Philipp stand in der Mitte des Zimmers, sein Barett mit den vier Bügeln darauf wie eine schwarze Krone auf dem Kopfe tragend. Er schaute von einem 298 zum andern und ließ den Deckel seiner goldenen Uhr ungeduldig einschnappen.
»Der Vater will nämlich nicht unterschreiben«, sagte die Mutter. »Wir haben, Gabriel und ich, einen Käufer gefunden für das Haus in der Römerstraße, ein guter Preis, ein annehmbarer Preis, und es ist nötig, sehr nötig. Wir leben nur noch von Verkäufen. Alles ist soweit fertig, der Vater braucht nur die Erklärung zu unterschreiben, daß er einverstanden ist.
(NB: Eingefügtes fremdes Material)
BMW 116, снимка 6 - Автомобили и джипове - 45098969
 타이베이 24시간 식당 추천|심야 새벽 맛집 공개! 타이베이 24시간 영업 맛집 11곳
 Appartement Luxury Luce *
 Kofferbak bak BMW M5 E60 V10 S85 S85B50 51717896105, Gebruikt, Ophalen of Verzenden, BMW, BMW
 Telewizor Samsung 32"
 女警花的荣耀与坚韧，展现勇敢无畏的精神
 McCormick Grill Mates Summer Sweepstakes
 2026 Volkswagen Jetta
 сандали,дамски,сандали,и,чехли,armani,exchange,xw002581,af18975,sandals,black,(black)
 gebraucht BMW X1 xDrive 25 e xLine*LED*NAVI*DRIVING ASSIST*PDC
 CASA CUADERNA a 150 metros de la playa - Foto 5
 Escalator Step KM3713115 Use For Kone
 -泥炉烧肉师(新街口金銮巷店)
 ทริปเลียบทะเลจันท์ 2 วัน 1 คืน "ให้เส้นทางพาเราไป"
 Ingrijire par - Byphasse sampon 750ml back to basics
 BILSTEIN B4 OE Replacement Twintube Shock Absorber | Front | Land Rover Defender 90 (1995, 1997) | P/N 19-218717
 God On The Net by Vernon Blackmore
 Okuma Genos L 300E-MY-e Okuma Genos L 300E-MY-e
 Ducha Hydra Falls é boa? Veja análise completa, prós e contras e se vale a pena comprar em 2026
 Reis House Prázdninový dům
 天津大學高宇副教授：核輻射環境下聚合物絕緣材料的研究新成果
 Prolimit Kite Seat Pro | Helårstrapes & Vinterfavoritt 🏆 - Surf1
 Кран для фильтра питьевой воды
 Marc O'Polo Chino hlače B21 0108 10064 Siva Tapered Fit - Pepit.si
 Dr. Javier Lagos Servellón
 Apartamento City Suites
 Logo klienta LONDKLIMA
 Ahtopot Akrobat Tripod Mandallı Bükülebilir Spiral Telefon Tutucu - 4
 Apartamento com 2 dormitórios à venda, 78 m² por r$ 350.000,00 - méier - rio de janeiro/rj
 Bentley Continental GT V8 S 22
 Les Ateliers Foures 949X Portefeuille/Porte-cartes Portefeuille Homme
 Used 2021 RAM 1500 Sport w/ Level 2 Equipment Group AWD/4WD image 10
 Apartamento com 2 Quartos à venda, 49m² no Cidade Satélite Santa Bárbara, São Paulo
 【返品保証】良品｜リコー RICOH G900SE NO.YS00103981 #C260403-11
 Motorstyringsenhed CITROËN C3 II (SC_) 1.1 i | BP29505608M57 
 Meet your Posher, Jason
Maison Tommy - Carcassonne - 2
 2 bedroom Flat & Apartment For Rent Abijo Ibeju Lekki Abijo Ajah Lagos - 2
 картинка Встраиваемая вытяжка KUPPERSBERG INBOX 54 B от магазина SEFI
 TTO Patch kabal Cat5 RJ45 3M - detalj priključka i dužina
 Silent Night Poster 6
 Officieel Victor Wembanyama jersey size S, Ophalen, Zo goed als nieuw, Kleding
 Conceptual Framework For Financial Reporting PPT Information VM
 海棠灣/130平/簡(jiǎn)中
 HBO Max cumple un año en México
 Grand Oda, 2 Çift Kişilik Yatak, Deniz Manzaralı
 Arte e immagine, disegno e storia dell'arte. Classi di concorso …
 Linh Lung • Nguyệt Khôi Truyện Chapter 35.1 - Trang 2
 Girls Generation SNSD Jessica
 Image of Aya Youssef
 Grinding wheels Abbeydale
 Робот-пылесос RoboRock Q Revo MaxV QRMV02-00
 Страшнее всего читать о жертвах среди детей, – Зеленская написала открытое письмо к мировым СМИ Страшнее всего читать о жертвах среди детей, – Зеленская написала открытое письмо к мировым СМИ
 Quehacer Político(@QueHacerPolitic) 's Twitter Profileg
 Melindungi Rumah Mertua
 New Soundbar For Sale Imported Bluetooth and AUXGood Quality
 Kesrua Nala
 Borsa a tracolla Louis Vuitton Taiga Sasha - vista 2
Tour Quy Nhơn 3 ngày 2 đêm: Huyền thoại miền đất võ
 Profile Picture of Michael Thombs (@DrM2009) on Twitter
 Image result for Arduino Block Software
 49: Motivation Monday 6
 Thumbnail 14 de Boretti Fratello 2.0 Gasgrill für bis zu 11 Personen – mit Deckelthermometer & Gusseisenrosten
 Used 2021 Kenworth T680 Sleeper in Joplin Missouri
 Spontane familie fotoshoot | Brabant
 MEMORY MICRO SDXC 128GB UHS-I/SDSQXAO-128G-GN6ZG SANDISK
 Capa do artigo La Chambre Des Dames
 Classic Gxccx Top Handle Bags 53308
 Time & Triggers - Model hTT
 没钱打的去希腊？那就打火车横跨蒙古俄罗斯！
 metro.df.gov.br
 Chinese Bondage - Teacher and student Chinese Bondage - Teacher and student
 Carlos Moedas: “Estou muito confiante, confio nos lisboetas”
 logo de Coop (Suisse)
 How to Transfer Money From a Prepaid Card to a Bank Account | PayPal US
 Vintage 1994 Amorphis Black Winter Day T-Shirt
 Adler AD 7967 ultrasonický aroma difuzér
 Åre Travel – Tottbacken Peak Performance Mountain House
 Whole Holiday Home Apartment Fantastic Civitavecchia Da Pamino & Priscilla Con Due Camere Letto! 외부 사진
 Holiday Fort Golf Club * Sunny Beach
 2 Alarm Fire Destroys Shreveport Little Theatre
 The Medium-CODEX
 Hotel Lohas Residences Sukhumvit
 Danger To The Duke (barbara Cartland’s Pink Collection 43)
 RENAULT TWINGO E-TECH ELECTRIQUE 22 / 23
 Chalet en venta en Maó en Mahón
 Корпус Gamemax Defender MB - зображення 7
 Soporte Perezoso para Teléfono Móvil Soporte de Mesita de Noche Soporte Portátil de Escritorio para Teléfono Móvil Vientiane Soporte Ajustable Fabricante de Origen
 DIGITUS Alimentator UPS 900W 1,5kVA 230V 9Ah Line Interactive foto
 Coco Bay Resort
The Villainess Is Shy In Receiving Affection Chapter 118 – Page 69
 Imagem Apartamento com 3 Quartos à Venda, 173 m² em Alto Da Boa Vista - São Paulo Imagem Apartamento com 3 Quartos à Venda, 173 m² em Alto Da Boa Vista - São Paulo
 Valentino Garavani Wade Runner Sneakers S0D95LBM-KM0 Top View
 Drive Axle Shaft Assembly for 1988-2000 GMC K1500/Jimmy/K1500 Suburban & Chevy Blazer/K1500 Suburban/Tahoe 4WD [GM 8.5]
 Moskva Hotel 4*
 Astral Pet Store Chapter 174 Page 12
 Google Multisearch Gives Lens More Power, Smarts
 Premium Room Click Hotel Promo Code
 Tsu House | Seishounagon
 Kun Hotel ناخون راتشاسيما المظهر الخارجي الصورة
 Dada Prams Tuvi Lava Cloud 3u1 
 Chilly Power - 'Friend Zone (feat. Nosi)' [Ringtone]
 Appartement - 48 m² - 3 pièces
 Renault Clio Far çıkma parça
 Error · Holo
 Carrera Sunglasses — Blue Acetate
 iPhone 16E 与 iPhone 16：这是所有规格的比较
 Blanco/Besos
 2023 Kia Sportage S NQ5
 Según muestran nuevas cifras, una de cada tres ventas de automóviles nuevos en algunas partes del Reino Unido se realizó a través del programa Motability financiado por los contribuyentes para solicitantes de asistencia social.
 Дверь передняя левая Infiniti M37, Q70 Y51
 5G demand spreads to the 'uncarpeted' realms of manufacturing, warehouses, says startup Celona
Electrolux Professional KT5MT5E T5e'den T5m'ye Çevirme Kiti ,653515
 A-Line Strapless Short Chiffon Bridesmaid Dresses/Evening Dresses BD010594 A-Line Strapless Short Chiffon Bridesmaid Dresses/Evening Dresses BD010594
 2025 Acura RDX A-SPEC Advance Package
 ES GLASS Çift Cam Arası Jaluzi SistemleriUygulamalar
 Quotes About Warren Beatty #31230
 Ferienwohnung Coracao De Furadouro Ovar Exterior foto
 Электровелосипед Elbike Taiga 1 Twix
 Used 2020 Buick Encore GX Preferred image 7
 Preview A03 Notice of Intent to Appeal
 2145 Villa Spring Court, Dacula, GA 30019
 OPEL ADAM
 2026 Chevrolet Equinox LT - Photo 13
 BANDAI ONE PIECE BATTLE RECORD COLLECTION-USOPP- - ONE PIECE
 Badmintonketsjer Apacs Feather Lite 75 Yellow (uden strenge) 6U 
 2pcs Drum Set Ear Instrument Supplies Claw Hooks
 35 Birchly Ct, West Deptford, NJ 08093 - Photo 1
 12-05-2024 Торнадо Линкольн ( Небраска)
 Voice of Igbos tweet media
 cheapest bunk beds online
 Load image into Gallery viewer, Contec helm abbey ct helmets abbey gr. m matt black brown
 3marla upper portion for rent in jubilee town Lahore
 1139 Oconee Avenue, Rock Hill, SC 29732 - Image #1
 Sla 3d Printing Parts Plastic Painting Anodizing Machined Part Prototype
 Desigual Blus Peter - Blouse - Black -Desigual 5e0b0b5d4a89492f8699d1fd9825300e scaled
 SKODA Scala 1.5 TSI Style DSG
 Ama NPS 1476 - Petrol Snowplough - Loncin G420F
Aber er will nicht, der eigensinnige Bock!« rief sie, eine Faust machend.
»Eigensinnig wie der arme Sünder, der an den Galgen soll und will nicht!« rief höhnisch der Vater.
»Warum wollen Sie denn nicht unterschreiben, Vater?« frug Philipp Emanuel, ein Auge nach der Tür werfend, denn noch viele unglückliche und streiterfüllte Familien warteten auf ihn. Großjohann erwiderte nichts.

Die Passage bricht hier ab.